_DIRECTIONS_. Nothing but the lines below from the one that contains "used 2017 Ford F-150 car, priced at $15,550" through the one that contains "AZ FLAG Bandiera" should be retyped, exactly and including both ends. Do not include pictures.

[Scraped caption text data]

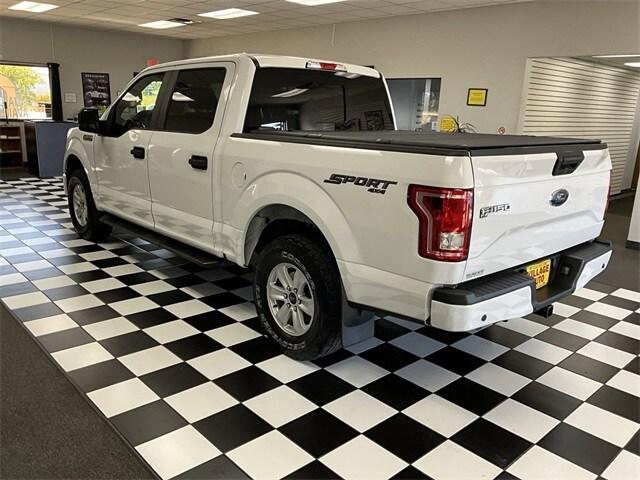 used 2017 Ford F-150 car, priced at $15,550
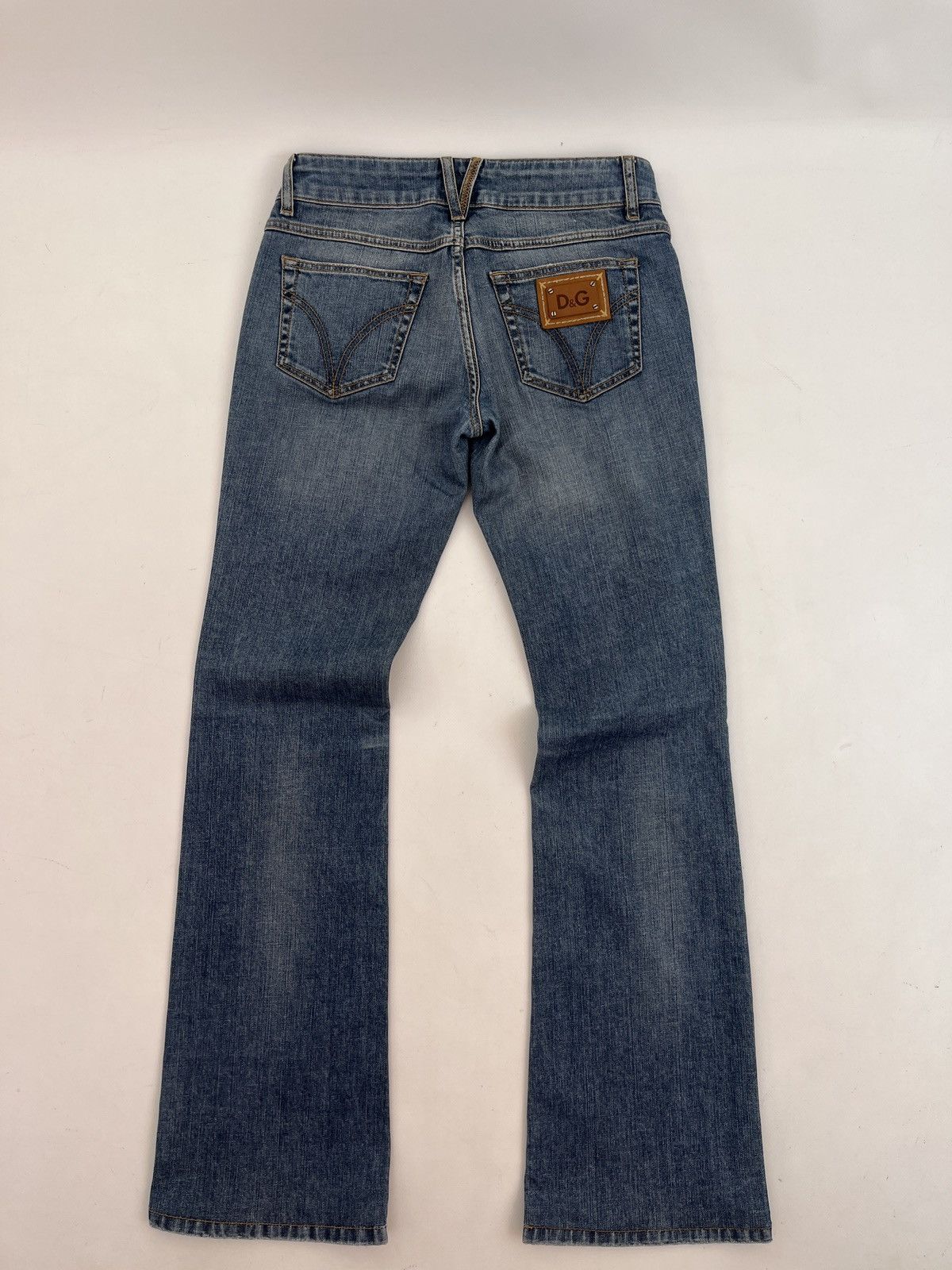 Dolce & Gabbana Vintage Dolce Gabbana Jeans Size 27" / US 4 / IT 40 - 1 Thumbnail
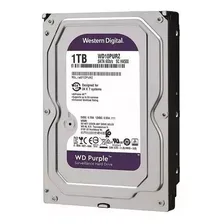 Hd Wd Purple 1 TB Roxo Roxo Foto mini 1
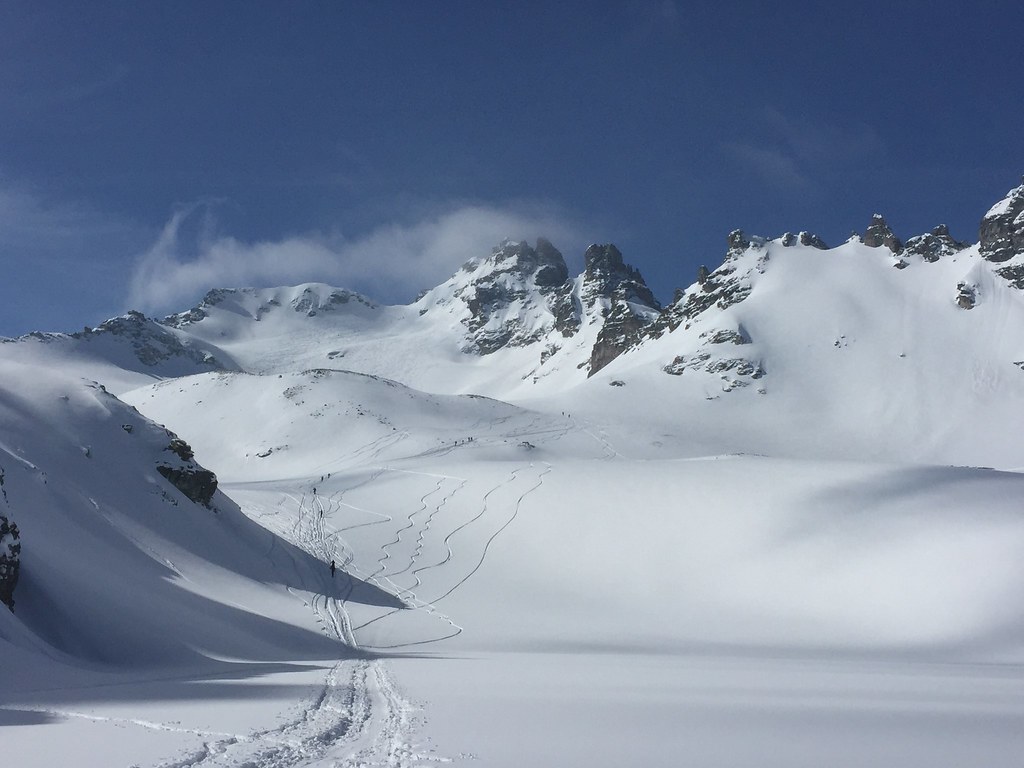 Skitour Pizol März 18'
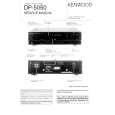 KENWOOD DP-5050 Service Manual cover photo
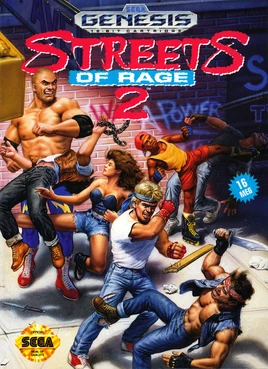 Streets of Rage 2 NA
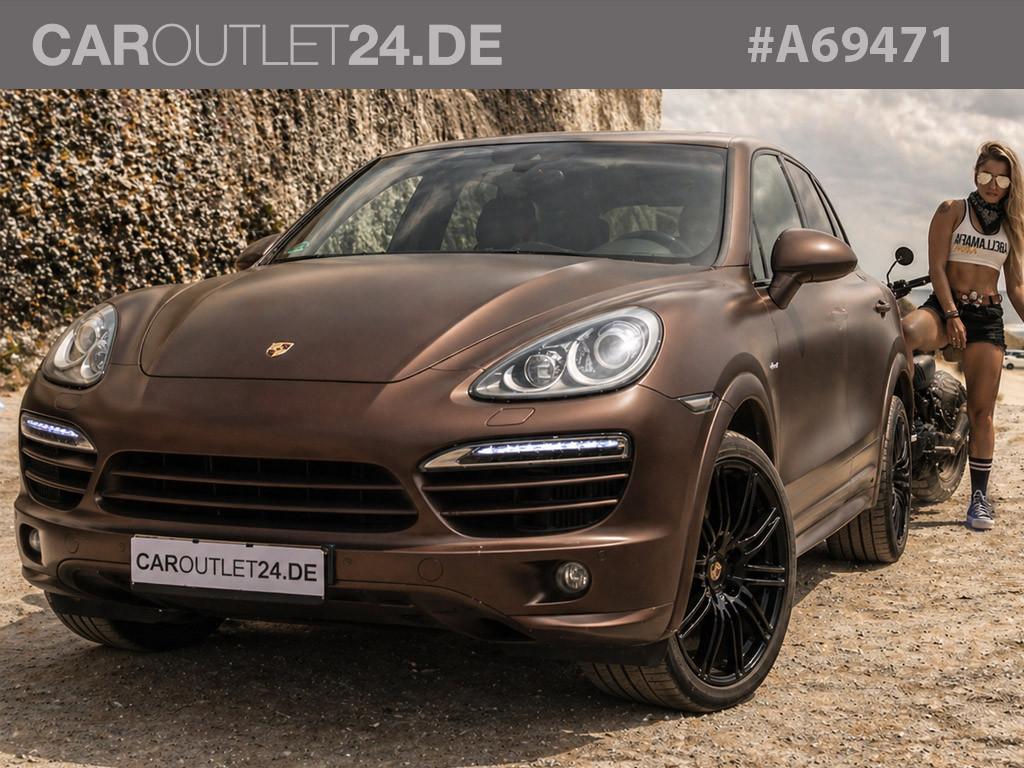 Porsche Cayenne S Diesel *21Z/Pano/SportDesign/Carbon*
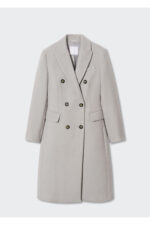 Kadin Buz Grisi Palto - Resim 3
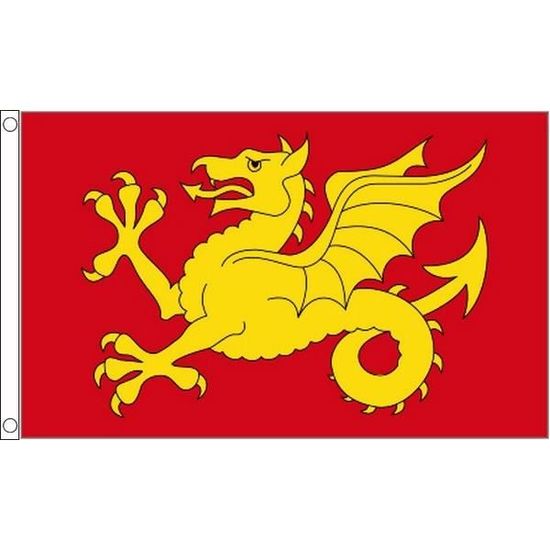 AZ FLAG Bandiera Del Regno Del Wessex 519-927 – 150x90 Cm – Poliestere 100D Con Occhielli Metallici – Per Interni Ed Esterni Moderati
* * *
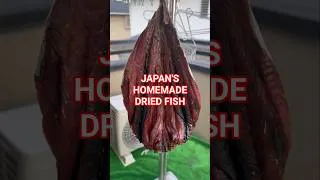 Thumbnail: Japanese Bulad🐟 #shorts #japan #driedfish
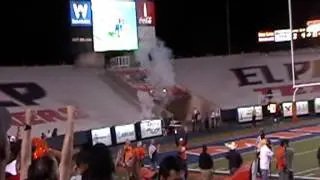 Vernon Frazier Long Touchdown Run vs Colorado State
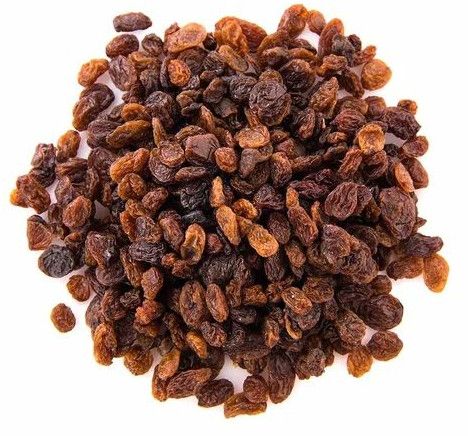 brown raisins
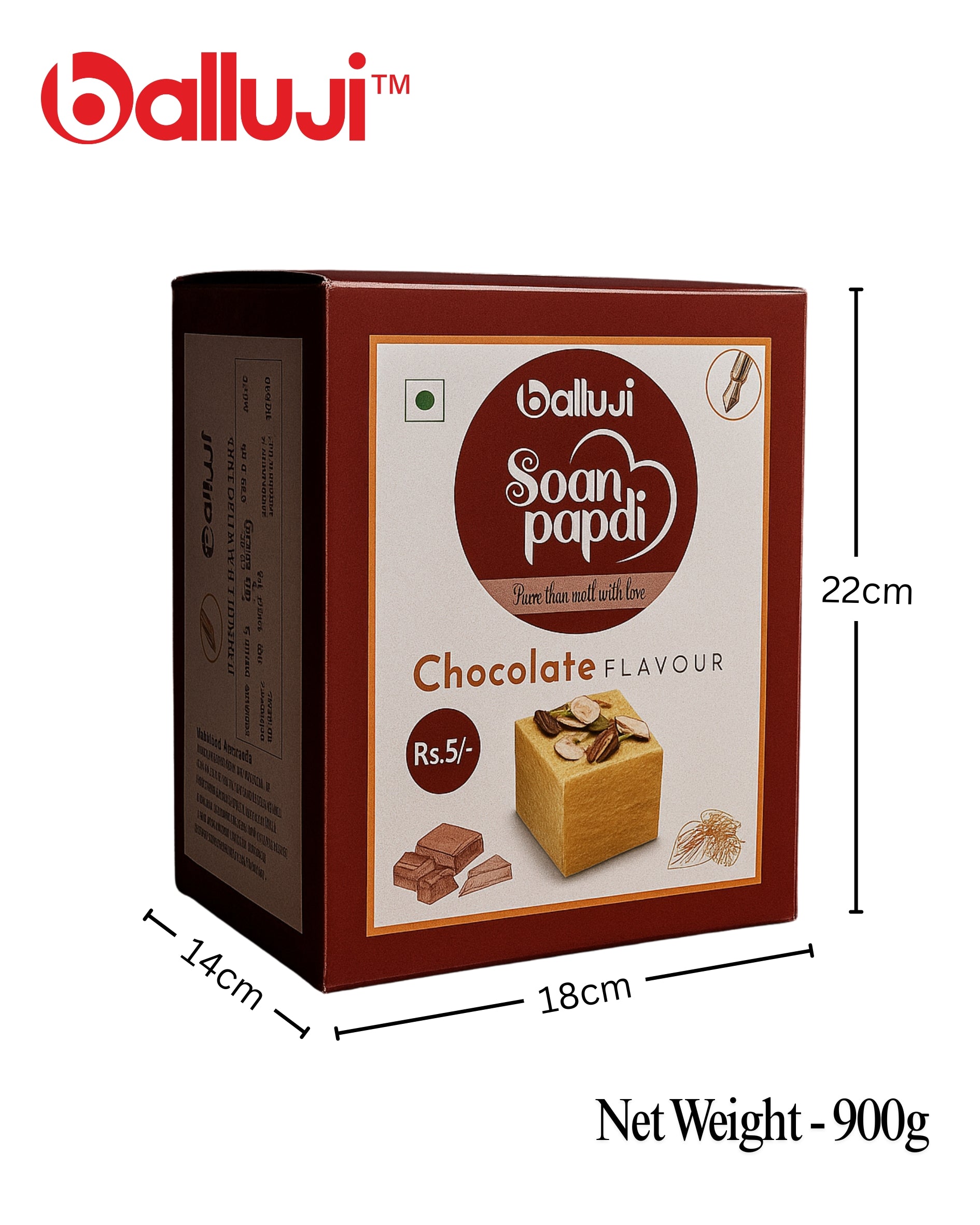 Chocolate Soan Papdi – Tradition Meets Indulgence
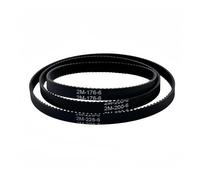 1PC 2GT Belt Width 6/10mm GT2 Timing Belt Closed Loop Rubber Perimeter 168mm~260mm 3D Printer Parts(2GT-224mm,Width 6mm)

_RESULT OF THE TASK_.
 used 2017 Ford F-150 car, priced at $15,550
 Dolce & Gabbana Vintage Dolce Gabbana Jeans Size 27" / US 4 / IT 40 - 1 Thumbnail
 Hd Wd Purple 1 TB Roxo Roxo Foto mini 1
 Skitour Pizol März 18'
 KENWOOD DP-5050 Service Manual cover photo
 Streets of Rage 2 NA
 Porsche Cayenne S Diesel *21Z/Pano/SportDesign/Carbon*
 Kadin Buz Grisi Palto - Resim 3
 AZ FLAG Bandiera Del Regno Del Wessex 519-927 – 150x90 Cm – Poliestere 100D Con Occhielli Metallici – Per Interni Ed Esterni Moderati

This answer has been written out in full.